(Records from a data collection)
↓↓↓

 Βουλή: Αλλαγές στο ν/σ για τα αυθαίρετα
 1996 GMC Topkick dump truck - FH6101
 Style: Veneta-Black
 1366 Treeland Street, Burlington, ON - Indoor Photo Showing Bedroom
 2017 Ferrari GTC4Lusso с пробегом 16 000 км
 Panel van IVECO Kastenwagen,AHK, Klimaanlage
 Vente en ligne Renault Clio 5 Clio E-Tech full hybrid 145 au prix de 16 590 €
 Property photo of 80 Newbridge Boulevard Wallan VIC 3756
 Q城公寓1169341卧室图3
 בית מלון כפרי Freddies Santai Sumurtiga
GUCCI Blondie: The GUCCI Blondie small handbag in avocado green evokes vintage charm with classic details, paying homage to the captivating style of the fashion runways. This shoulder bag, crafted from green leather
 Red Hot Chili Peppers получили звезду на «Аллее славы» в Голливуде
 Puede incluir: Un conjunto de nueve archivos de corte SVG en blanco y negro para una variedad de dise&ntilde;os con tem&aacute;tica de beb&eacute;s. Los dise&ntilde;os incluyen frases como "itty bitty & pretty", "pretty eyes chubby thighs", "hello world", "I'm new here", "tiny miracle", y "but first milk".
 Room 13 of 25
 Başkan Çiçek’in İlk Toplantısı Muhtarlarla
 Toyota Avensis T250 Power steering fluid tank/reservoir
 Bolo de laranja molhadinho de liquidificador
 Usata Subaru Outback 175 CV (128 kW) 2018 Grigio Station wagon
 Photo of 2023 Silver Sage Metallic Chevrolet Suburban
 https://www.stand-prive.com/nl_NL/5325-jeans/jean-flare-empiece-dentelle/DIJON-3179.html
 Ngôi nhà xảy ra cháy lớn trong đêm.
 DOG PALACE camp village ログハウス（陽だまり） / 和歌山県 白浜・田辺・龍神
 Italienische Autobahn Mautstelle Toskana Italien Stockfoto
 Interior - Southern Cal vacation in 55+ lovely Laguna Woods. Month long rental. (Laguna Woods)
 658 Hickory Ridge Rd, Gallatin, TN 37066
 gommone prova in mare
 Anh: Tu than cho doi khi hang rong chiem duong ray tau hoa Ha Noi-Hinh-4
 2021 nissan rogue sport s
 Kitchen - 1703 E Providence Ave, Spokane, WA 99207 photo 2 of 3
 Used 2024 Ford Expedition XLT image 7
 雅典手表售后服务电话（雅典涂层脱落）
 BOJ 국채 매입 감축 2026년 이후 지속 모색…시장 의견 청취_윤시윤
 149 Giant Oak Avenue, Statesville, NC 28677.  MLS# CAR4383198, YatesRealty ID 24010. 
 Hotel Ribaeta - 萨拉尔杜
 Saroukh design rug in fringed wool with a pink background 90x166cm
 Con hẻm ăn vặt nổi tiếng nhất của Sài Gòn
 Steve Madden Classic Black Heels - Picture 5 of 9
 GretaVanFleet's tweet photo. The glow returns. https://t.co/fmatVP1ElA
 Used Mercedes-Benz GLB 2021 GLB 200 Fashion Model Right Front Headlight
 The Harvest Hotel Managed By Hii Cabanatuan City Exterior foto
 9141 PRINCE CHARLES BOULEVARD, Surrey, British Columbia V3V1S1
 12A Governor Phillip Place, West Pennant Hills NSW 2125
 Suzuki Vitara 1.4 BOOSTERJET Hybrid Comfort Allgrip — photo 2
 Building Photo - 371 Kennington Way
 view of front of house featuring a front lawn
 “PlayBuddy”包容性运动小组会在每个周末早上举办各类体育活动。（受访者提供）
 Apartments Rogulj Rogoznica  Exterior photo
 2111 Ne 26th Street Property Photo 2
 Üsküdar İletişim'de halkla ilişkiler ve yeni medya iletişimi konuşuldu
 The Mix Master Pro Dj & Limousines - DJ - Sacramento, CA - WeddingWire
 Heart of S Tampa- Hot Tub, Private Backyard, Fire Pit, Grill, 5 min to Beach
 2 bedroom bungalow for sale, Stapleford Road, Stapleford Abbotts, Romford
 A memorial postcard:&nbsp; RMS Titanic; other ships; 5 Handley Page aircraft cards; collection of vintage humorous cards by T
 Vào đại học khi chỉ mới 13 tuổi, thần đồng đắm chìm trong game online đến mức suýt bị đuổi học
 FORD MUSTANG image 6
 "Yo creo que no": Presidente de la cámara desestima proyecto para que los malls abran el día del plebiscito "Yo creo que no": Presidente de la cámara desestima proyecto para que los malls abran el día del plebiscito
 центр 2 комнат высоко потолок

↑↑↑

* **EXERCISE OBJECTIVE**: For this exercise, please output exactly the lines above starting at the line with "Başkan Çiçek’in İlk Toplantısı Muhtarlarla" and ending at the line with "gommone prova in mare", ends included.

* **EXERCISE SOLUTION**:
 Başkan Çiçek’in İlk Toplantısı Muhtarlarla
 Toyota Avensis T250 Power steering fluid tank/reservoir
 Bolo de laranja molhadinho de liquidificador
 Usata Subaru Outback 175 CV (128 kW) 2018 Grigio Station wagon
 Photo of 2023 Silver Sage Metallic Chevrolet Suburban
 https://www.stand-prive.com/nl_NL/5325-jeans/jean-flare-empiece-dentelle/DIJON-3179.html
 Ngôi nhà xảy ra cháy lớn trong đêm.
 DOG PALACE camp village ログハウス（陽だまり） / 和歌山県 白浜・田辺・龍神
 Italienische Autobahn Mautstelle Toskana Italien Stockfoto
 Interior - Southern Cal vacation in 55+ lovely Laguna Woods. Month long rental. (Laguna Woods)
 658 Hickory Ridge Rd, Gallatin, TN 37066
 gommone prova in mare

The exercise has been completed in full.